**Task brief**. Every line of the data below must be given again exactly.

(Web page caption snippets)
◆ ◆ ◆

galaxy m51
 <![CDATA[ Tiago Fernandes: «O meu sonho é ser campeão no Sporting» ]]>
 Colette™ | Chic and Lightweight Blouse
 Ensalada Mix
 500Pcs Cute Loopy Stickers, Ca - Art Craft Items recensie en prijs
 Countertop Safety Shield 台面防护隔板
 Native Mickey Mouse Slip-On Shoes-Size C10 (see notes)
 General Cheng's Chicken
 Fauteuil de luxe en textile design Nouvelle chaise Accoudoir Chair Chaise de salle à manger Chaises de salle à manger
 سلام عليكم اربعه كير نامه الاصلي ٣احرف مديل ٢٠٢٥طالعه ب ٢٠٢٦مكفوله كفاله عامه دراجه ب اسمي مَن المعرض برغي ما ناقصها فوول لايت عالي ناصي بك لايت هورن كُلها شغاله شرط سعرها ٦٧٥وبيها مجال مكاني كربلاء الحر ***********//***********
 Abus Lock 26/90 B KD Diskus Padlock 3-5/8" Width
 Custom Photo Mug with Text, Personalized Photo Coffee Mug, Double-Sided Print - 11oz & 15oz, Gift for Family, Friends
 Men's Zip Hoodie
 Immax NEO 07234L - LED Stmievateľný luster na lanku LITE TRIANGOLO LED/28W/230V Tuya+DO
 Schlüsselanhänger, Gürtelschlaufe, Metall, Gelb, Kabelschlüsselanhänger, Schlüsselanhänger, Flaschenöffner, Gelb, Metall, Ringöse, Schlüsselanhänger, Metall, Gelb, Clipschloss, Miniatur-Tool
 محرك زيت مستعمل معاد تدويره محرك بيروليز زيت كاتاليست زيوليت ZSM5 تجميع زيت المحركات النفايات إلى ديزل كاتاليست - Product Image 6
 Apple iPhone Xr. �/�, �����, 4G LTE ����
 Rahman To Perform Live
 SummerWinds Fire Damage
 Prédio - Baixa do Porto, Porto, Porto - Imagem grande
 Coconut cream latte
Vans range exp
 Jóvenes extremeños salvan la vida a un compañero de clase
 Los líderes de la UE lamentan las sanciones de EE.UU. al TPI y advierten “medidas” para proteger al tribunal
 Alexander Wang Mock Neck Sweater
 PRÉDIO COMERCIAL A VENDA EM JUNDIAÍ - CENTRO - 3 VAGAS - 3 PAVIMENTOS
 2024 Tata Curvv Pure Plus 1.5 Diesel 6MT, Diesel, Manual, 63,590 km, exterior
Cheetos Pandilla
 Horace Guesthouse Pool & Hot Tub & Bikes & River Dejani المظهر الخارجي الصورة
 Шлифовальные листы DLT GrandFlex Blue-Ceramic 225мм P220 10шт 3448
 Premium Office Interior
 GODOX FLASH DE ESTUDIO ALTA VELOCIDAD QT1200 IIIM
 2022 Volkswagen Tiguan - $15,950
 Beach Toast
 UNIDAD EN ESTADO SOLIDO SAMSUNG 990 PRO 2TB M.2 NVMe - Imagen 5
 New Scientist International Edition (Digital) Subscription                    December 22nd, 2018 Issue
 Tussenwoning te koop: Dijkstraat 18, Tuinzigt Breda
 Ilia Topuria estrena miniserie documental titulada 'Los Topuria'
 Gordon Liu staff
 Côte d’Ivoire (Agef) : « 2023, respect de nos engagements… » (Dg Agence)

◆ ◆ ◆

**Expected answer**.
galaxy m51
 <![CDATA[ Tiago Fernandes: «O meu sonho é ser campeão no Sporting» ]]>
 Colette™ | Chic and Lightweight Blouse
 Ensalada Mix
 500Pcs Cute Loopy Stickers, Ca - Art Craft Items recensie en prijs
 Countertop Safety Shield 台面防护隔板
 Native Mickey Mouse Slip-On Shoes-Size C10 (see notes)
 General Cheng's Chicken
 Fauteuil de luxe en textile design Nouvelle chaise Accoudoir Chair Chaise de salle à manger Chaises de salle à manger
 سلام عليكم اربعه كير نامه الاصلي ٣احرف مديل ٢٠٢٥طالعه ب ٢٠٢٦مكفوله كفاله عامه دراجه ب اسمي مَن المعرض برغي ما ناقصها فوول لايت عالي ناصي بك لايت هورن كُلها شغاله شرط سعرها ٦٧٥وبيها مجال مكاني كربلاء الحر ***********//***********
 Abus Lock 26/90 B KD Diskus Padlock 3-5/8" Width
 Custom Photo Mug with Text, Personalized Photo Coffee Mug, Double-Sided Print - 11oz & 15oz, Gift for Family, Friends
 Men's Zip Hoodie
 Immax NEO 07234L - LED Stmievateľný luster na lanku LITE TRIANGOLO LED/28W/230V Tuya+DO
 Schlüsselanhänger, Gürtelschlaufe, Metall, Gelb, Kabelschlüsselanhänger, Schlüsselanhänger, Flaschenöffner, Gelb, Metall, Ringöse, Schlüsselanhänger, Metall, Gelb, Clipschloss, Miniatur-Tool
 محرك زيت مستعمل معاد تدويره محرك بيروليز زيت كاتاليست زيوليت ZSM5 تجميع زيت المحركات النفايات إلى ديزل كاتاليست - Product Image 6
 Apple iPhone Xr. �/�, �����, 4G LTE ����
 Rahman To Perform Live
 SummerWinds Fire Damage
 Prédio - Baixa do Porto, Porto, Porto - Imagem grande
 Coconut cream latte
Vans range exp
 Jóvenes extremeños salvan la vida a un compañero de clase
 Los líderes de la UE lamentan las sanciones de EE.UU. al TPI y advierten “medidas” para proteger al tribunal
 Alexander Wang Mock Neck Sweater
 PRÉDIO COMERCIAL A VENDA EM JUNDIAÍ - CENTRO - 3 VAGAS - 3 PAVIMENTOS
 2024 Tata Curvv Pure Plus 1.5 Diesel 6MT, Diesel, Manual, 63,590 km, exterior
Cheetos Pandilla
 Horace Guesthouse Pool & Hot Tub & Bikes & River Dejani المظهر الخارجي الصورة
 Шлифовальные листы DLT GrandFlex Blue-Ceramic 225мм P220 10шт 3448
 Premium Office Interior
 GODOX FLASH DE ESTUDIO ALTA VELOCIDAD QT1200 IIIM
 2022 Volkswagen Tiguan - $15,950
 Beach Toast
 UNIDAD EN ESTADO SOLIDO SAMSUNG 990 PRO 2TB M.2 NVMe - Imagen 5
 New Scientist International Edition (Digital) Subscription                    December 22nd, 2018 Issue
 Tussenwoning te koop: Dijkstraat 18, Tuinzigt Breda
 Ilia Topuria estrena miniserie documental titulada 'Los Topuria'
 Gordon Liu staff
 Côte d’Ivoire (Agef) : « 2023, respect de nos engagements… » (Dg Agence)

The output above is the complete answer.